【レビュー】『旧約聖書の基本』『旧約聖書神学』『旧約聖書と環境倫理』『「回勅ラウダート・シ」と環境保護』
『旧約聖書の基本』(トレンパー・ロングマン著、老松望・楠望・竹田満訳、いのちのことば社、2千750円税込、B6判)は、近年の聖書学の成果をふまえて旧約各書の内容・著者・時代・文学ジャンル・新約とのつながり、をまとめる。たとえばヨブ記では、ヨブと友人の対話が整理され、ヨブ記を「知恵の議論」と位置づけ、苦しみや審判の先にキリストを見いだす。
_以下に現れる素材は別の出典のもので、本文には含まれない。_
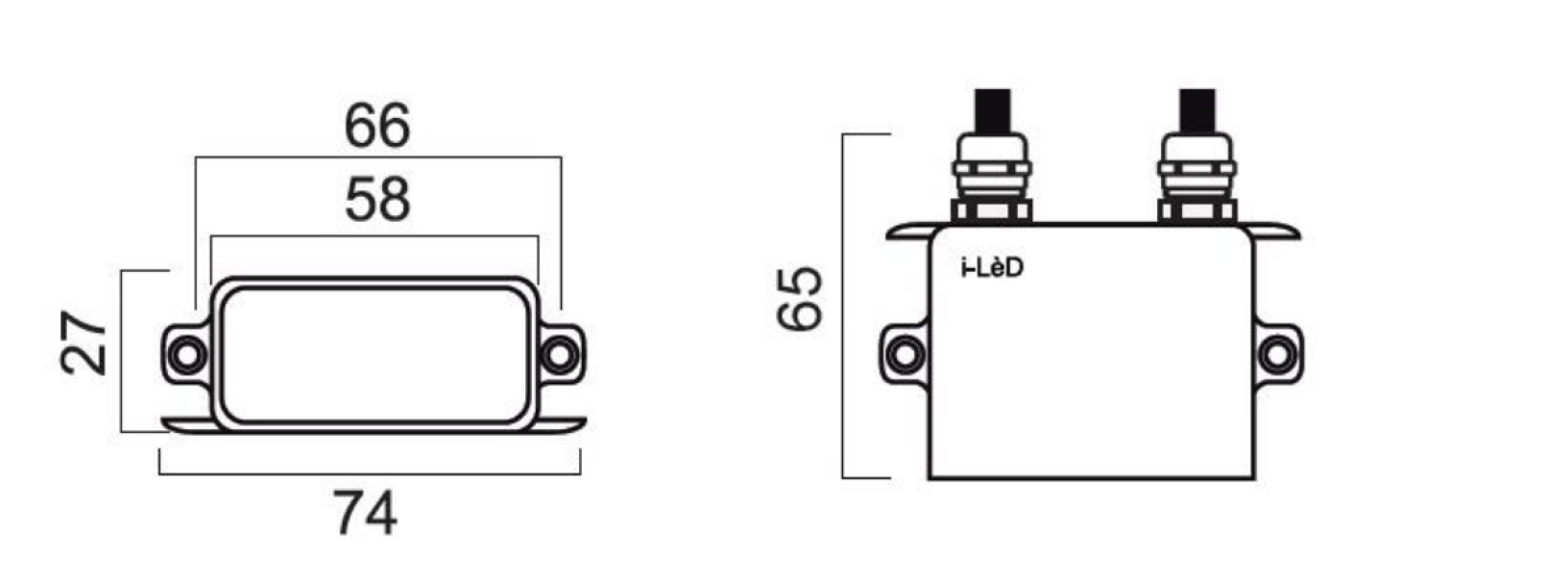 Alimentatore led Linea Light 5W 630mA IP67 - 89420 02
「外部」の思想や神学ではなく、旧約そのものが神学的に語ることを聖書正典全体からさぐる『旧約聖書神学』(K・シュミート、小友聡監訳、日髙貴士耶訳、教文館、8千140円税込、A5判)もヨブ記に言及。混沌と秩序の対比、推論不可能な神の意志を表現する文学形式に注目する。
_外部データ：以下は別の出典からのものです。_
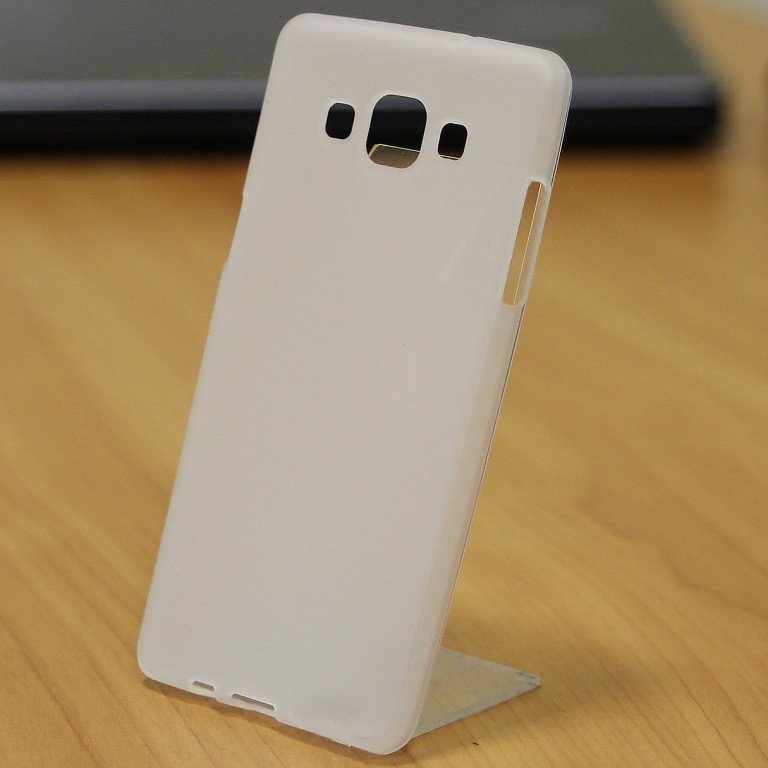 Чехол силиконовый матовый для Samsung Galaxy A5 белый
人間と自然を対立させる西洋的な二元論への批判として、近年文化人類学などからは「新アニミズム」が提唱されている。
『旧約聖書と環境倫理』(マリ・ヨアスタッド著、魯恩碩訳、教文館、6千50円、A5判)は、その批判的応答となる。リチャード・ボウカムも二元論をこえた「被造物共同体」を提唱しているが、本書はそれも踏まえ、人格的自然観の視点で聖書記述を検討。ボウカム同様、ヨブ記に注目するが、本書では、「土地所有権」の観点から、人間の領土を超えた大きな文脈を示す。
環境保護については『ライフスタイルの転換に向けて、ともなる歩みを「回勅ラウダート・シ」と環境保護』(吉川まみ著、女子パウロ会、千650円、四六判)が日常で生かせる方法を聖書を基盤に勧める。